Datameer 5, ExtraHop 4: start your (choice of) engines

I’ve written much in this space, and on the Gigaom blog, about YARN and its impact on how Hadoop will be used. Not very long ago, Hadoop was synonymous with the MapReduce algorithm and non-interactive batch processing. With YARN, Hadoop has morphed into a general purpose distributed processing and distributed storage system. To that, we may say “bully for Hadoop!” But what about tools built on top of it?

One such tool, Datameer, from the company of the same name, implements a full-fledged data discovery environment on top of Hadoop. Gigaom Research’s Sector Roadmap on Data Discovery tools, published in March of this year, and authored by me, featured Datameer as the highest-scoring product of the six that were evaluated with a numeric score.
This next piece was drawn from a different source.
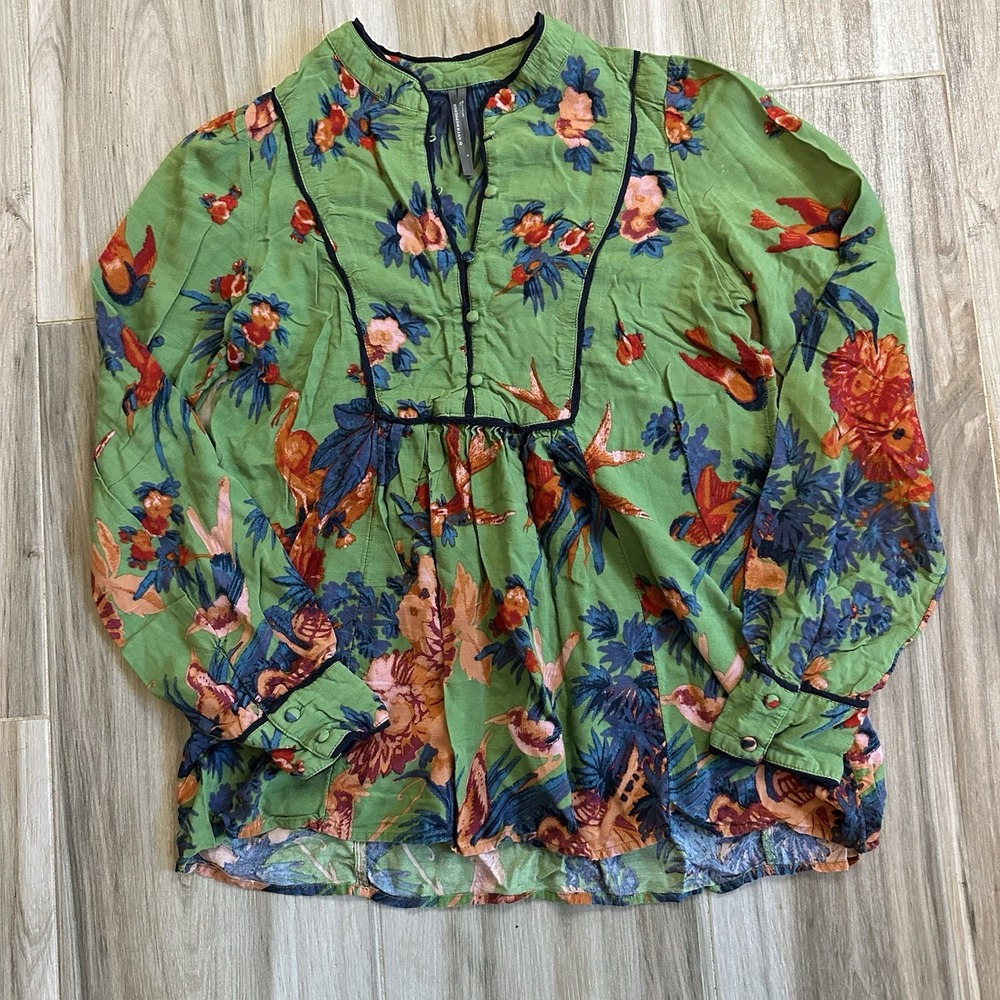 Anthropologie Green Floral Button-Down Top - Picture 2 of 12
Datameer 4.0 was dependent on MapReduce, and that made its strong showing somewhat counterintuitive. But the disruption vectors in the report supported the outcome.

Get Smart
My own hope was that a future version of Datameer would embrace Hadoop 2.0 and YARN as strongly as the then current version embraced Hadoop 1.0 and MapReduce. Today, Datameer is announcing its 5.0 release and, along with it, a new feature called Smart Execution that exploits YARN’s ability to bring multiple execution engines to bear on the same data.

For those who want a few gory details, Smart Execution is directed acyclic graph (DAG)-based, selecting one of a few execution environments for each section of an analysis request. Sometimes, it will perform its work in-memory on a single compute node, to avoid network bottlenecks. At other times it will parallelize, using a combination of Tez and YARN in certain cases, and good old MapReduce (albeit on YARN) in others. I call these gory details because as a user, you needn’t worry about them. You just give Datameer your data and your analysis tasks, and it will pick the right engine for the job.

Datameer’s future…and Hadoop’s
Datameer says the architecture it’s used for Smart Execution makes it open and pluggable such that other execution engines can be integrated in the future. It calls Apache Spark out by name as a candidate for such future integration, and it also allows for the possibility of integrating engines that don’t yet exist. By taking this approach, Datameer is playing to Hadoop and YARN’s strengths. By abstracting this technology, and relieving users of the burden of understanding engine selection, Datameer is utilizing Hadoop as the embedded engine it should be.

At this point, it seems that most Hadoop-related engines are being reengineered to run on top of YARN. One such engine is Apache Storm, designed to handle processing of streaming data. Storm’s growth in popularity has been on a huge incline of late, and yet it has remained in incubation status at the Apache Software Foundation (ASF). That changed on Monday, when the ASF announced that Storm had graduated to top-level project status. Perhaps Datameer v.Next will take on streaming data, and perhaps it will add Apache Storm to its arsenal of YARN-compatible execution engines.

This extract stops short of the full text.